HeidelbergCement has decided to move the Securities Appellate Tribunal challenging the directive of the Securities and Exchange Board of India.
This follows a Sebi directive, which had asked the German company to raise the price of the open offer for the shareholders of Mysore Cements by 25 per cent to Rs 72.50 a share.
Ambit Corporate Finance, manager to the open offer, has issued a public notice saying the HeidelbergCement "is preferring an appeal before the SAT seeking to set aside" the Sebi directive.
The Sebi last week had asked HeidelbergCement to offer the minority shareholders the same price it had agreed to pay to the promoters of Mysore Cements.
In a uniquely structured deal, Mysore Cements had announced on July 9 that it would allot up to 66.5 million equity shares, representing a 42.08 per cent stake, to HeidelbergCement on a preferential basis at Rs 54 apiece.
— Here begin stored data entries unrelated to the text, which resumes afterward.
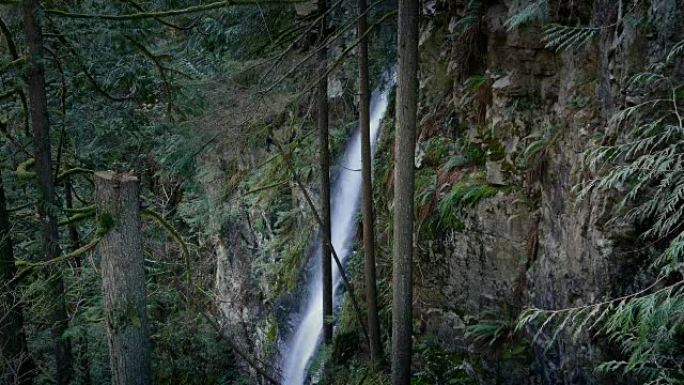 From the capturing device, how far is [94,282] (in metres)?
9.12

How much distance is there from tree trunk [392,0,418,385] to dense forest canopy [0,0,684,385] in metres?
0.03

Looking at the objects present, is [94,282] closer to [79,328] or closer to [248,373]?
[79,328]

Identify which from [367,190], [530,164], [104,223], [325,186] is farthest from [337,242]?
[104,223]

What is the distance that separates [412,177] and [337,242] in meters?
6.72

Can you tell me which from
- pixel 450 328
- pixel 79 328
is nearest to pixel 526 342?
pixel 450 328

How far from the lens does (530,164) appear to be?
24.1 feet

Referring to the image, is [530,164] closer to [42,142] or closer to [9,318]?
[42,142]

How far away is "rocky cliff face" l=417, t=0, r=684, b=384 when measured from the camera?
577 cm

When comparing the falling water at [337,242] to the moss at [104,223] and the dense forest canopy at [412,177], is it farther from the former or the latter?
the moss at [104,223]

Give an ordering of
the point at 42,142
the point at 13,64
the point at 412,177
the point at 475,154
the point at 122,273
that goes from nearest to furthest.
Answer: the point at 122,273 < the point at 412,177 < the point at 13,64 < the point at 42,142 < the point at 475,154

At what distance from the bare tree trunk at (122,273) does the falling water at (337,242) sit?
299 inches

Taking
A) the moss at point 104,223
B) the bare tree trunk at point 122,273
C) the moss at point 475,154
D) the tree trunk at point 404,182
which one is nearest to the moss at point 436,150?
the moss at point 475,154

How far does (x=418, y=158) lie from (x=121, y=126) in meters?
5.38

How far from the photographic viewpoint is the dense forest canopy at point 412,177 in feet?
16.2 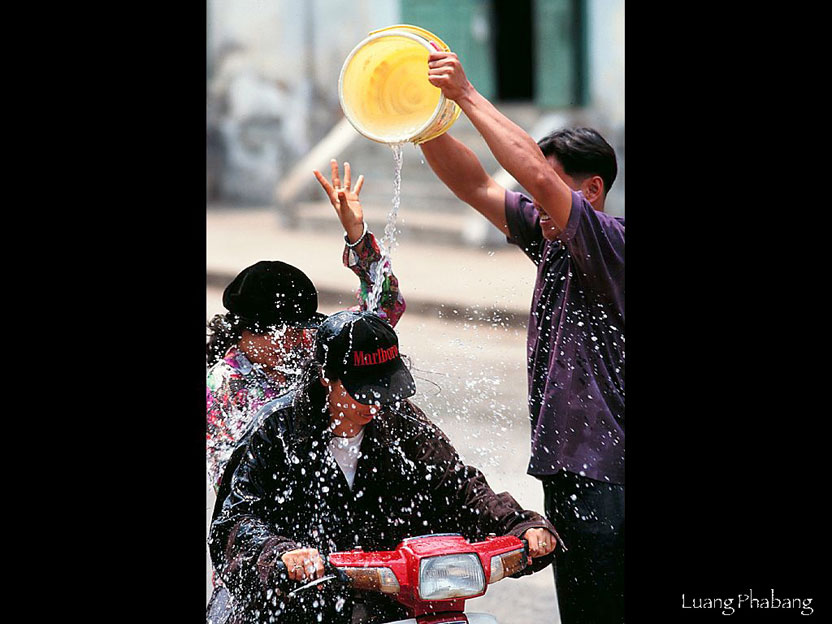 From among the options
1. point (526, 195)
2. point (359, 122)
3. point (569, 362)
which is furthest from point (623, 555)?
point (359, 122)

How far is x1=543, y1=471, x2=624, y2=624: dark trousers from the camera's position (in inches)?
112

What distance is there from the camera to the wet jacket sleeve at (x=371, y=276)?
2889 millimetres

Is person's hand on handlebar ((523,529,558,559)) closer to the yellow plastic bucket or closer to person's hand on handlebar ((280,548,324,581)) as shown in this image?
person's hand on handlebar ((280,548,324,581))

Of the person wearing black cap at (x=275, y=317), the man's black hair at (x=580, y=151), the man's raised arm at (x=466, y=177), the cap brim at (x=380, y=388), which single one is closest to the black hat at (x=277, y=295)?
the person wearing black cap at (x=275, y=317)

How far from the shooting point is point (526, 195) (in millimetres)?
2918

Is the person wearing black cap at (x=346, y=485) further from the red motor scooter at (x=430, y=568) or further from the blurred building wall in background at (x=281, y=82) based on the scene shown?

Also, HeidelbergCement would buy 13.40 million shares, amounting to a 8.48 per cent stake, from the promoter group for Rs 58 a share, excluding non-compete fee of Rs 14.50 a share. Heidelberg had announced that the open offer would be priced at Rs 58 a share. Ambit was advisor to HeidelbergCement.
In its directive on November 30, the Sebi had said, "payment of non-compete fee to the selling promoters does not appear to be justified".
Hence, it advised HeidelbergCement to "revise the offer price after including the payment of non-compete fee (per share) in the negotiated price".
Heidelberg had bought 50.1 per cent in the Bangalore-based Mysore Cements for $100 million (Rs 450 crore).
Meanwhile, Mysore Cements is seeking shareholders' approval to issue preference shares worth Rs 13.49 crore (Rs 134.9 million) to HeidelbergCement.